Cheech and Chong lighting up stages again

http://www.chicagotribune.com/features/arts/chi-cheech-chong-1107nov07,0,1459226.story

By Benjamin Ortiz | Special to the Tribune
November 7, 2008

They were just two wild-haired vatos locos­crazy, heavy-duty
dudes­who got their heads together in the '60s and decided to smoke
dope and play music for a living. Along the way, they jammed with
Hendrix, opened for the Stones, bopped around London with Peter
Sellers and shot hoops against Kareem Abdul-Jabbar and Bob Dylan.

Mixing Laurel and Hardy with The Merry Pranksters, they created "hard
rock comedy," a fusion of musical counter-culture and improvisational
sketch-humor, planting the seeds for Beavis and Butt-Head, Harold and
Kumar and the picaresque weed-run as epic cinematic quest.

After nine top-selling records and a Grammy, eight feature films and
their ascent to pop-culture icons, followed by a quarter-century of
being broken up, the hippie and the low-rider are back on the road.
Richard "Cheech" Marin, 62, and Tommy Chong, 70, are passing the
peace pipe for their Light Up America Tour, a flashback more than a
generation in the making.

"I remember very vividly taking Cheech's hand to do a bow at the end
[of our last show], and that was it," Chong says in a telephone
interview. "But there was something we had together. … I guess time
heals all wounds."

In separate interviews from Los Angeles, the duo confirm that they've
sparked the creative flame once again, working out the artistic
differences that split them up. "Even the day before we decided [to
tour] we had a big blowout," says Cheech.
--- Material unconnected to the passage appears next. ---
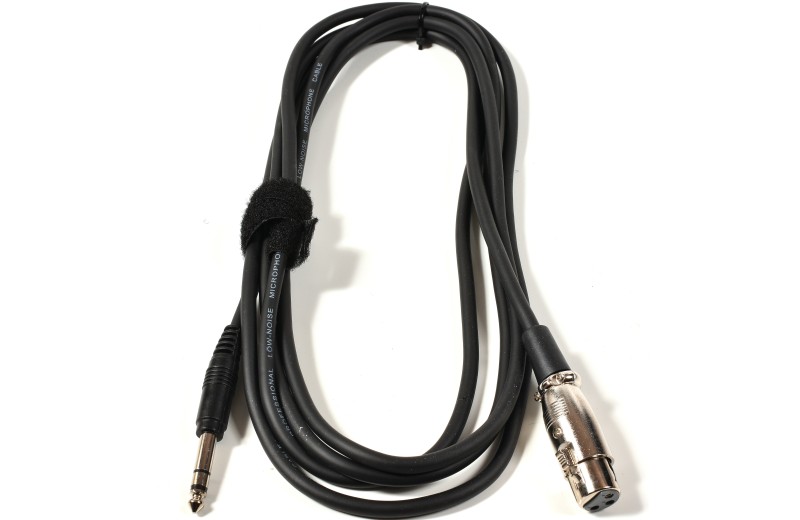 Metro Audio Systems  PXJ-002/3M 3-P XLR (f) to 6,3mm stereo jack cable 3m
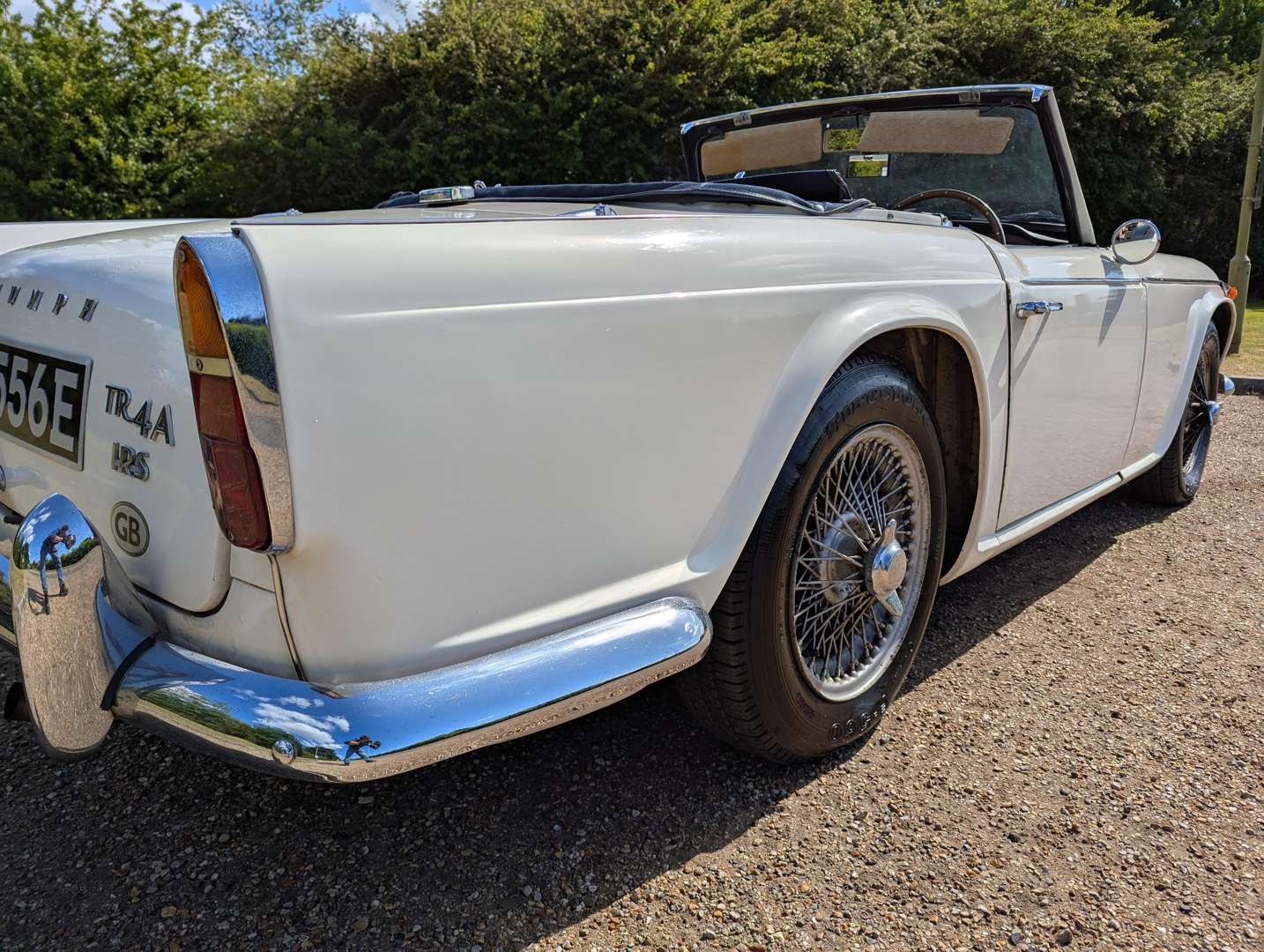 <p>1967 TRIUMPH TR4A</p>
But the tour "had to be now
or never, because we're not getting any younger."

The passing of George Carlin creates a backdrop for their reunion as
"foot soldiers for the cultural revolution" of their generation. As
Cheech puts it, "We're the last of a dying breed."

Even their first meeting sounds like a joke: A hippie
Chinese-Canadian Motown guitarist (Chong) and a draft-dodging Chicano
pottery artist (Cheech) walked into a Vancouver strip joint in 1968.
Cheech said their "cultural outsider point-of-view" fueled their art.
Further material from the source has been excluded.